*Exercise instructions*
Nothing but the lines below from the one that contains "Xuping Icon Pendant, 19mm" through the one that contains "imageErgodyne ChillIts 6665" should be retyped, exactly and including both ends. Do not include pictures.

___ Provided data ___

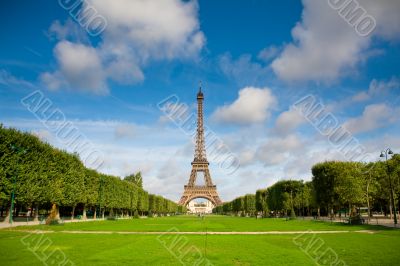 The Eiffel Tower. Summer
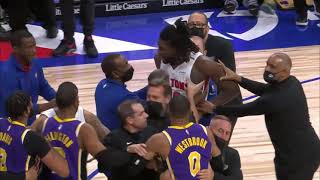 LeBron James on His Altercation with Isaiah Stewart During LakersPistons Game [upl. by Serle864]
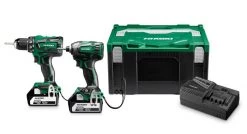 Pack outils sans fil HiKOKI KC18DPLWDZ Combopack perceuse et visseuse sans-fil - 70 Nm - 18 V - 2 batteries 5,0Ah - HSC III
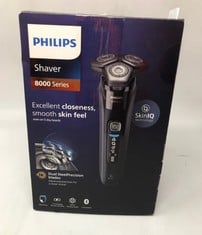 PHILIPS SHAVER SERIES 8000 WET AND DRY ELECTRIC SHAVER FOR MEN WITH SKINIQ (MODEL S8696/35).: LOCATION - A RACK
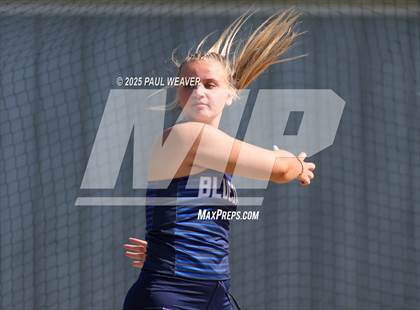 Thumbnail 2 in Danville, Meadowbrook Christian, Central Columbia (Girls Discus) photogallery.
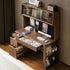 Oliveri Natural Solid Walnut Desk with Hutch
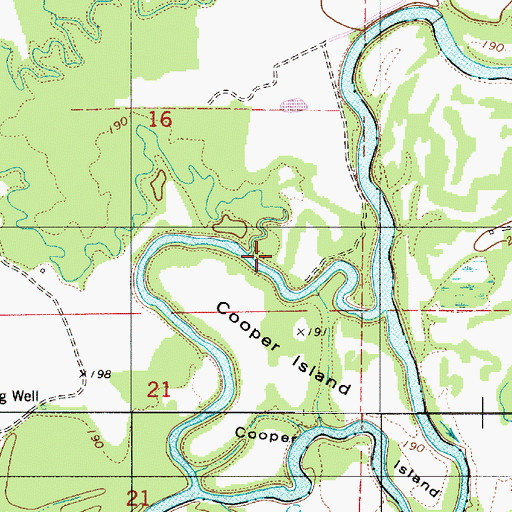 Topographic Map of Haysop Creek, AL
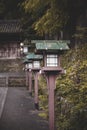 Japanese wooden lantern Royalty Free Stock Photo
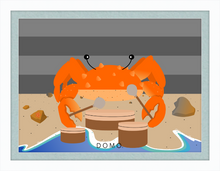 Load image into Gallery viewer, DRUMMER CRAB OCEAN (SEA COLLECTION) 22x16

___
___ Provided data ___

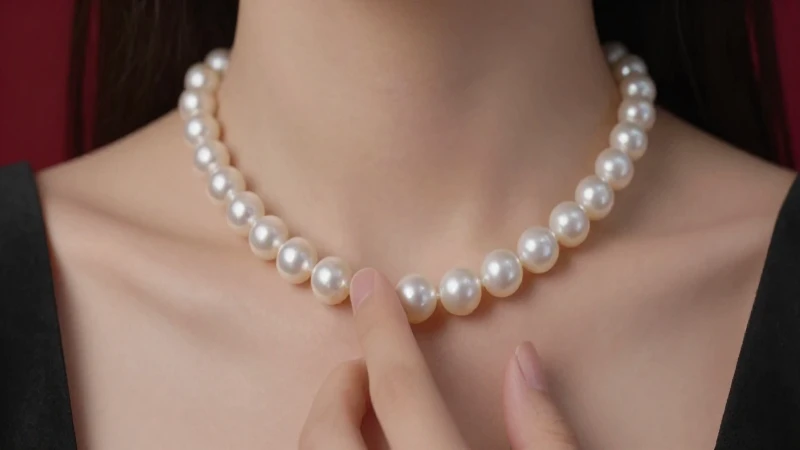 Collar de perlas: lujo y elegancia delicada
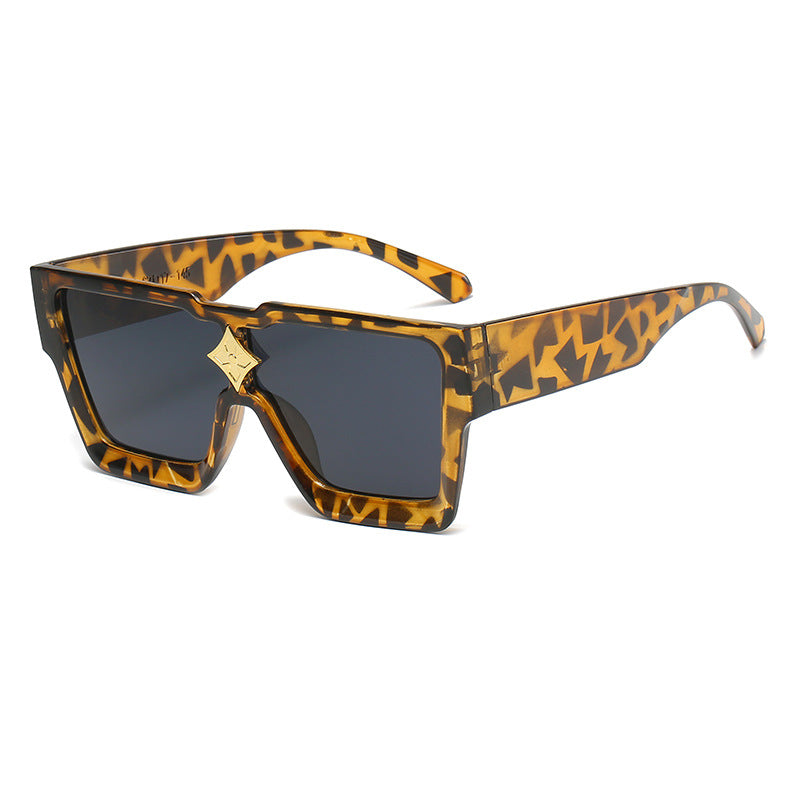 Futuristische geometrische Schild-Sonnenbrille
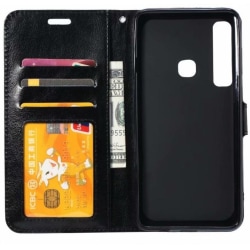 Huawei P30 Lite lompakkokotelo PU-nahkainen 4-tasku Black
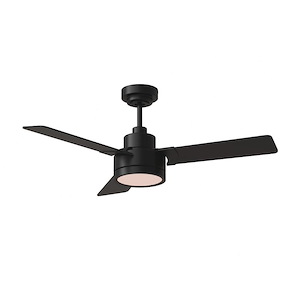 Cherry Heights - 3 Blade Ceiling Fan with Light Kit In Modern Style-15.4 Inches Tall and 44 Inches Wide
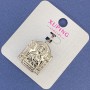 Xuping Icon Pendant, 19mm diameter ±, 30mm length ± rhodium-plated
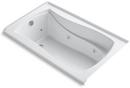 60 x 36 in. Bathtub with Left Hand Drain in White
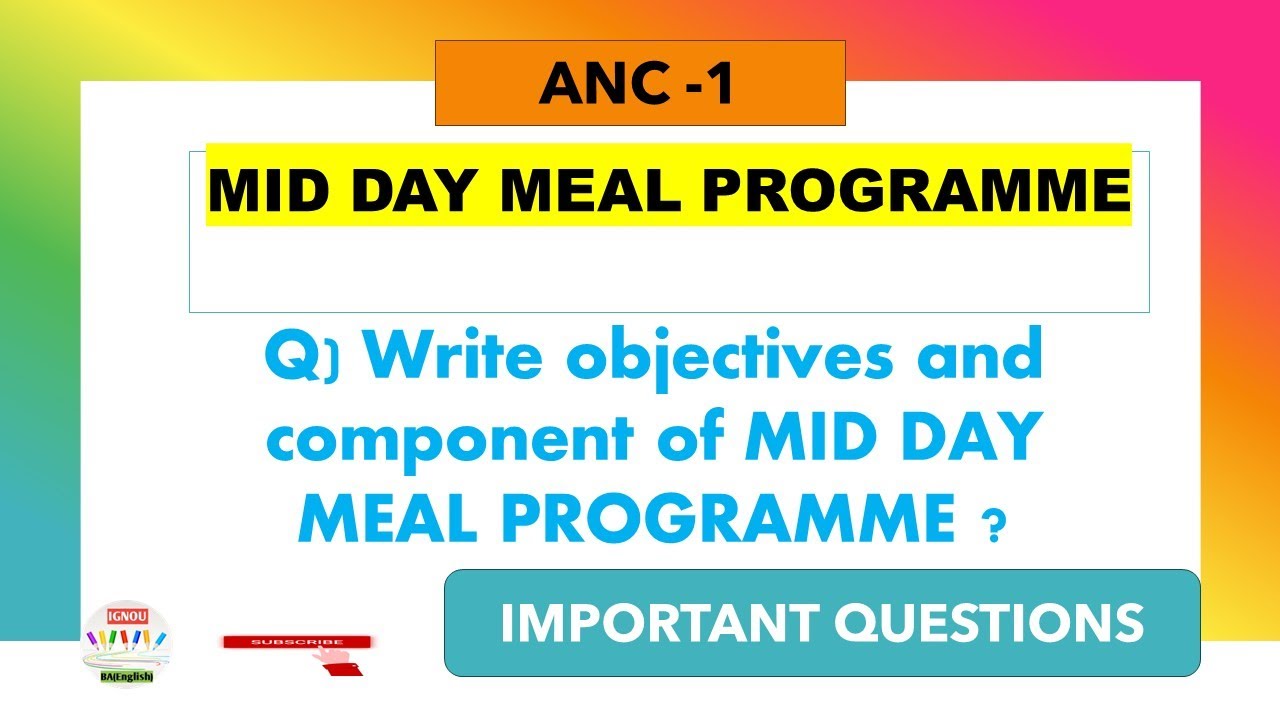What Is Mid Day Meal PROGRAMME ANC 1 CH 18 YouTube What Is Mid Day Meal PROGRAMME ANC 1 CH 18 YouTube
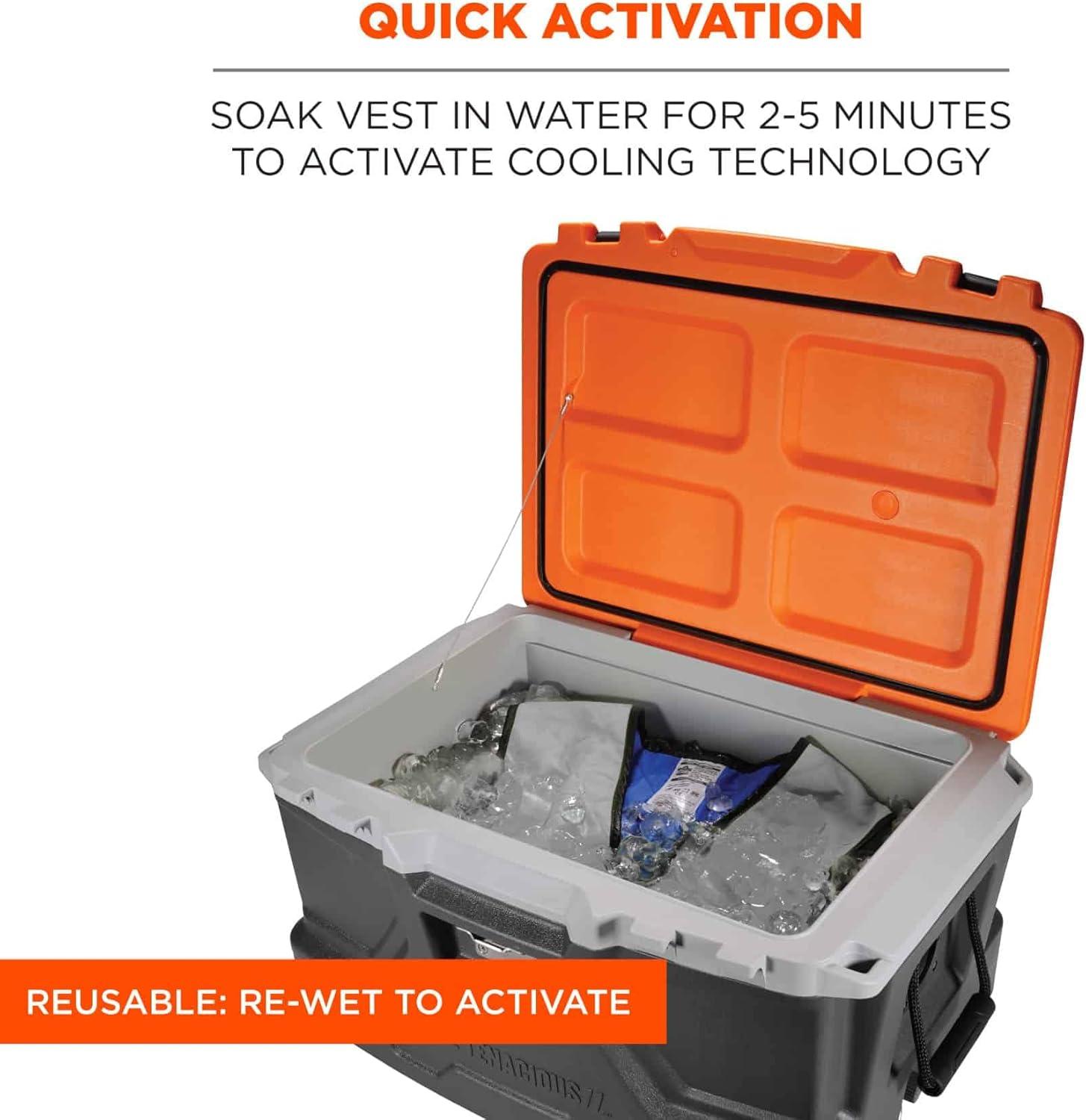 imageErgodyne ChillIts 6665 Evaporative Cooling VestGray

___

*Problem solution*
 Xuping Icon Pendant, 19mm diameter ±, 30mm length ± rhodium-plated
 60 x 36 in. Bathtub with Left Hand Drain in White
What Is Mid Day Meal PROGRAMME ANC 1 CH 18 YouTube What Is Mid Day Meal PROGRAMME ANC 1 CH 18 YouTube
 imageErgodyne ChillIts 6665 Evaporative Cooling VestGray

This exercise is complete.